One always suspected a day like yesterday would come.
The day when Alan Kelly had enough of pretending to be happy with his party leader Brendan Howlin.
A day where he would knife his leader.
After several weeks of moaning from more than a dozen of the party’s 50 councillors, Kelly has now joined the chorus seeking a change in the leader.
Kelly was never happy with Howlin as leader or even in the manner in which he became leader.
After Labour’s disastrous general election in 2016, where they managed to survive with just seven TDs, Joan Burton resigned as leader.
What else could she do?
Kelly made no secret of the fact he wanted to be leader. Many councillors felt he was the man to save the party.
The only problem was that none of Kelly’s TD pals wanted him.
They leaned on Howlin, a reluctant candidate, to take over.
What conspired was a disgraceful act of arrogance and chicanery.
As none of the other six TDs would nominate Kelly, he was precluded from forcing a contest and Howlin was elected unopposed.
For supposedly the most democratic party, it was a stroke befitting Fianna Fáil of old.
That decision to exclude Kelly has poisoned the atmosphere and overshadowed Howlin’s tenure from the off.
Kelly’s decision not to attend Howlin’s first press conference was a petulant act but one could understand his annoyance on a human level.
Almost two and a half years into his term of office, the party has stagnated.
Reluctant to leave the party’s time in office behind him, Howlin stands accused by his own party councillors of failing to look to the future, be more aggressive in opposition and to make the party stand out in a crowded political field.
During the summer, a small rump of councillors including Noel Touhy, Mick Duff and Pamela Kearns broke ranks and called for Howlin to go.
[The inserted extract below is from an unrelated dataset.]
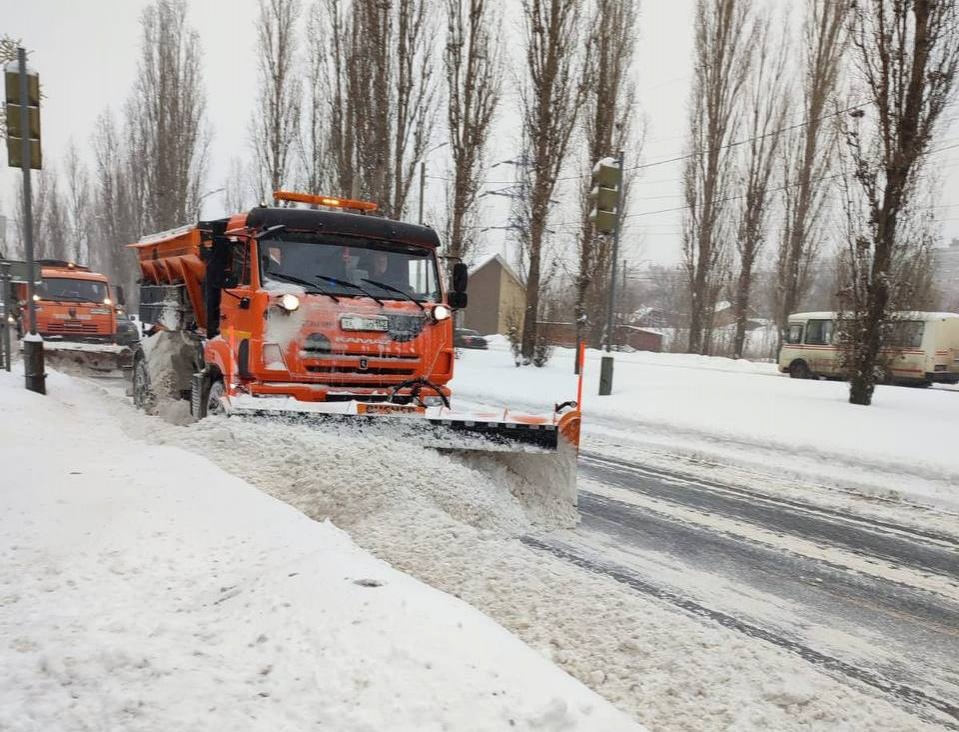 Рекордное количество снега выпало в Нижнем Новгороде за последние 86 лет - фото 1
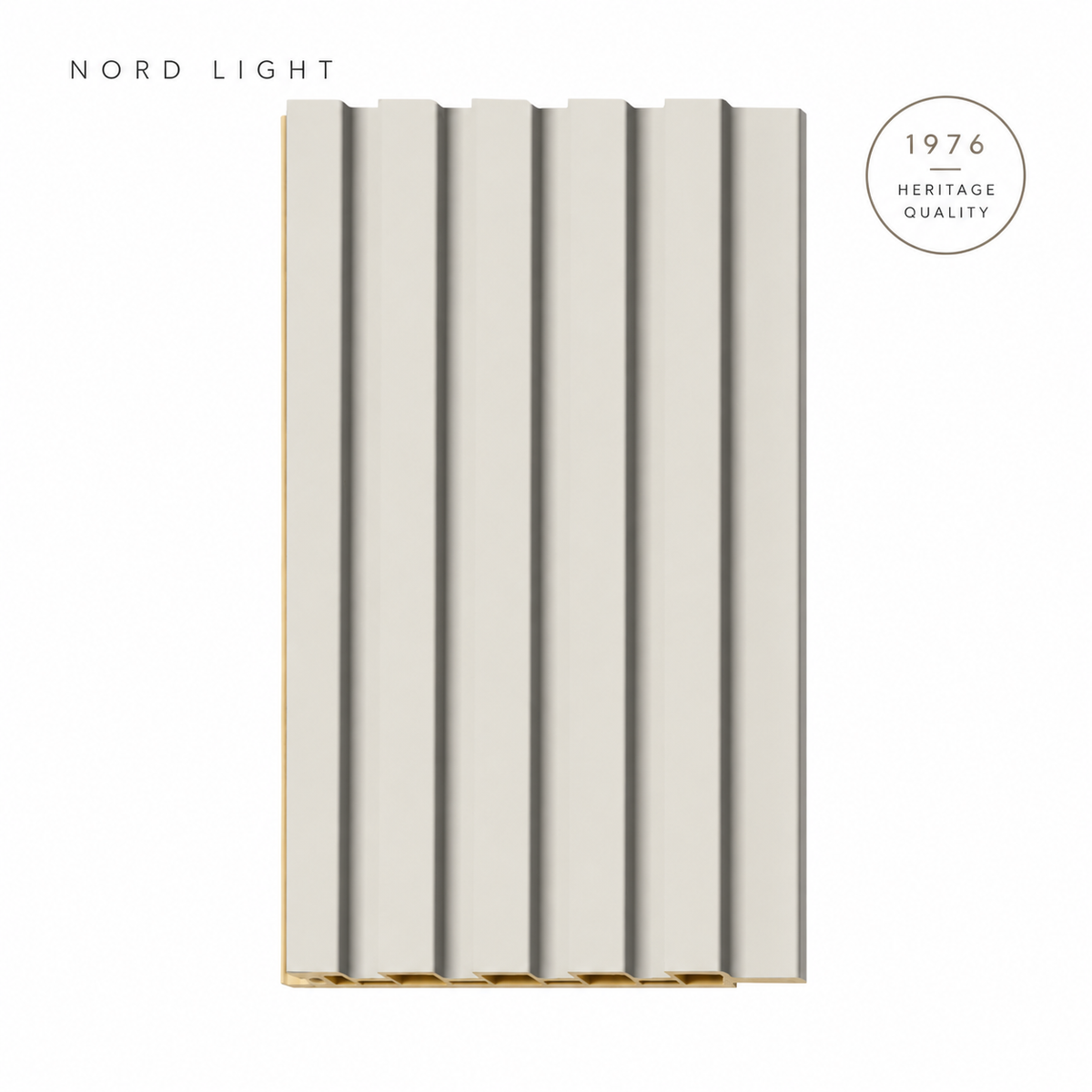 SOLARA H25 – סרגלים תואמים בגוון סהרה | NORD LIGHT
Day after day, the numbers
In response, a group of 16 councillors loyal to Howlin wrote a statement saying they “disagree that a leadership change should be the focus of the party at this time”.
“The utterances of the last few days do not have the support of all Labour councillors and while we do support full membership engagement in any leadership election, we do not feel this is the right time for a change,” it says.
The statement was signed by the following Labour councillors:
Cllr Paul Bell; Cllr Ann Breen; Cllr Brendan Carr; Cllr. Bobby Ireton; Cllr Deirdre Kinsgton; Cllr George Lawlor; Cllr Brian McDonagh; Cllr Andrew Montague; Cllr Rebecca Moynihan;
Cllr Peter O’Brien; Cllr Dennis O’Callaghan; Cllr Rob O’Donoghue; Cllr Johnnie Penrose; Cllr Pio Smith; Cllr Grace Tallon; and Cllr Alex White.
But the dissenters were not to be deterred.
As reported by this newspaper, a group of 14 councillors led by Mick Duff sought an urgent meeting with Howlin to discuss their concerns.
He was defiant and refused saying it would be “unreasonable” to get people together before the planned meeting on September 16 in Drogheda.
He later made it known he was happy to meet councillors one to one but not in a group.
All the while, Kelly remained silent but he was subject to speculation as being behind the agitation.
He was away for a period but then penned a pointed piece in the Sunday Independent.
Without mentioning Howlin once, it was a devastating critique of his leader’s failings.
Then came yesterday.
Politicians when they have things to say often make a beeline for their local radio station, in order to speak first to their own people.
Kelly appeared on Tipp Today with Fran Curry where he was pressed hard on the state within his party.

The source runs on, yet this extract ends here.